Solar batteries are an important component in the drive toward zero carbon. By combining solar panels and on-site batteries, it is possible to reduce the energy drawn from the grid drastically. The most obvious benefit is savings over fluctuations in utility rates.
Utility “demands charges” can be mitigated by using stored solar power during the facilities peak demand periods. By tapping into your stored electricity, you reduce your max peak load and therefore your demand charges will be lower.
Load shifting strategies can be applied to level out consumption spikes. Performing energy intensive operations at the cheapest times or when solar power is the most abundant will lower costs. Using stored energy when grid prices are the highest can also create substantial savings.
On-site batteries reliable backup power so that during grid outages, you can be fully operational. Essential services, such as medical facilities, use battery storage to ensure that they have continuous, life-saving power.
How it works
The solar batteries store electricity that comes from the excess produced from your solar panels or from the utility grid. During daylight hours, your business runs on the electricity produced by your solar panels and any excess is stored in the batteries. At night or on overcast days, your business can draw electricity from the batteries. You could only need to buy electricity from the grid when your solar panels are not producing enough, and your batteries are 100% empty.
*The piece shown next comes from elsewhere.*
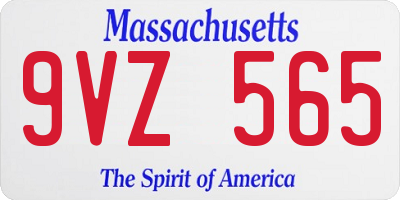 MA license plate 9VZ565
Batteries are generally stationary installations and can be located at a convenient spot. Another possible storage solution is electric vehicles, since each vehicle comes with a built-in battery that can store and discharge electricity on command. Properly managed, a fleet of EVs can be used as a storage solution.
Solar batteries on-site are part of the strategy to reduce your carbon footprint since they store the energy produced from clean solar energy. With a large enough solar installation and battery storage capacity, it is possible to be energy independent and not need to draw any energy from the grid.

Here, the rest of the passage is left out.